From: Andreas Dilger <adilger@sun.com>
Subject: Re: [Bugme-new] [Bug 11266] New: unable to handle kernel paging
	request in ext2_free_blocks
Date: Wed, 20 Aug 2008 13:07:06 -0600
Message-ID: <20080820190704.GD3392@webber.adilger.int>
References: <bug-11266-10286@http.bugzilla.kernel.org/>
 <0K5800031SEDU2@smtp02.hut-mail> <20080807200717.GB26307@lh.kyla.fi>
 <20080807202840.GC26307@lh.kyla.fi>
 <20080818145841.GC10621@atrey.karlin.mff.cuni.cz>
 <20080818165131.GC6491@skywalker> <20080819032410.GE3392@webber.adilger.int>
 <20080819091339.GE14799@duck.suse.cz> <20080819105111.GK8997@lh.kyla.fi>
 <20080820102533.GA5979@atrey.karlin.mff.cuni.cz>
Mime-Version: 1.0
Content-Type: text/plain; charset=us-ascii
Content-Transfer-Encoding: 7BIT
Cc: Sami Liedes <sliedes@cc.hut.fi>,
	"Aneesh Kumar K.V" <aneesh.kumar@linux.vnet.ibm.com>,
	Andrew Morton <akpm@linux-foundation.org>,
	bugme-daemon@bugzilla.kernel.org, linux-ext4@vger.kernel.org
To: Jan Kara <jack@suse.cz>
In-reply-to: <20080820102533.GA5979@atrey.karlin.mff.cuni.cz>
Content-disposition: inline
Sender: linux-ext4-owner@vger.kernel.org

On Aug 20, 2008  12:25 +0200, Jan Kara wrote:
> > On Tue, Aug 19, 2008 at 11:13:39AM +0200, Jan Kara wrote:
> > > > Isn't equivalent checking done in ext2_check_descriptors()?  It would make
> > > > sense to abstract out the "check one group and return error" code and use
> > > > it in both places.
> > >   Actually yes, it is. Good point. Sami, is it the case that you have
> > > mounted the filesystem, then intentionally corrupted it and after that
> > > the kernel oopsed (as opposed to first corrupting the filesystem image and
> > > mounting it after that)? That would explain how corrupted values could get
> > > to read_block_bitmap() even though ext2_check_descriptors() checked them.
> > 
> > No, that's not what I do. I corrupt the fs before mounting it, then
> > mount it, perform normal filesystem operations on it and unmount it.

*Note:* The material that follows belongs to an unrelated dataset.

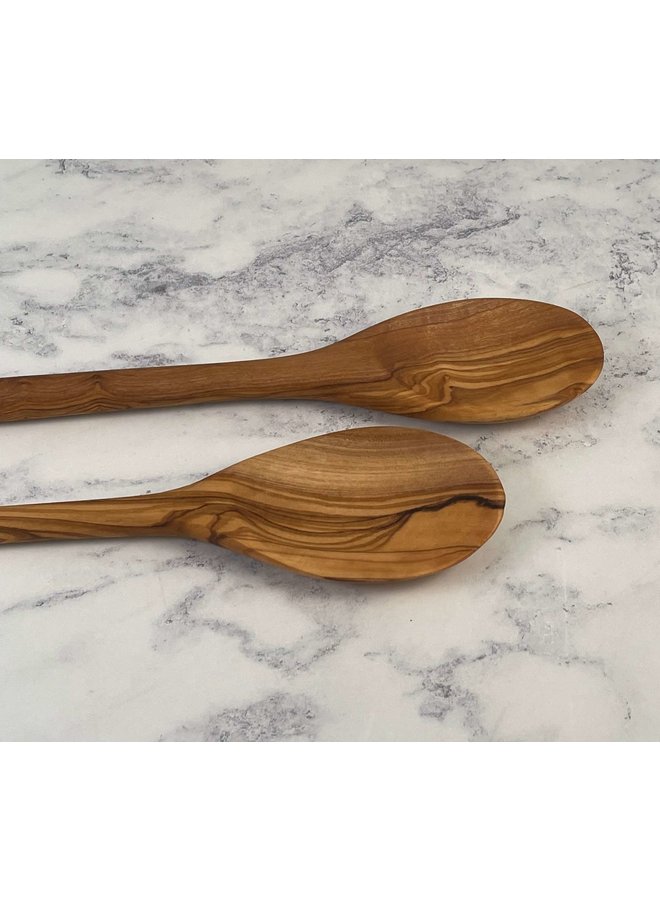 Olive wood Oval  Spoon (one ONLY) 21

>   OK, thanks. Then we must somehow corrupt group descriptor block during
> the operation.

Oh, interesting...  The data in the journal is probably corrupt, but all
of the superblock/gdt sanity checks are done BEFORE the journal is replayed.

It would seem that the ext*_fill_super() code should do the sanity checks,
and then recheck the superblock and group descriptors after the journal
is replayed.  The superblock checking code can be moved out of
ext*_fill_super() into a helper function like ext*_check_super()) and then
calling ext*_check_super() and ext*_check_descriptors() again after journal
replay.

Having journal checksums enabled (ext4) would also detect this problem
before the journal replay corrupts the filesystem metadata.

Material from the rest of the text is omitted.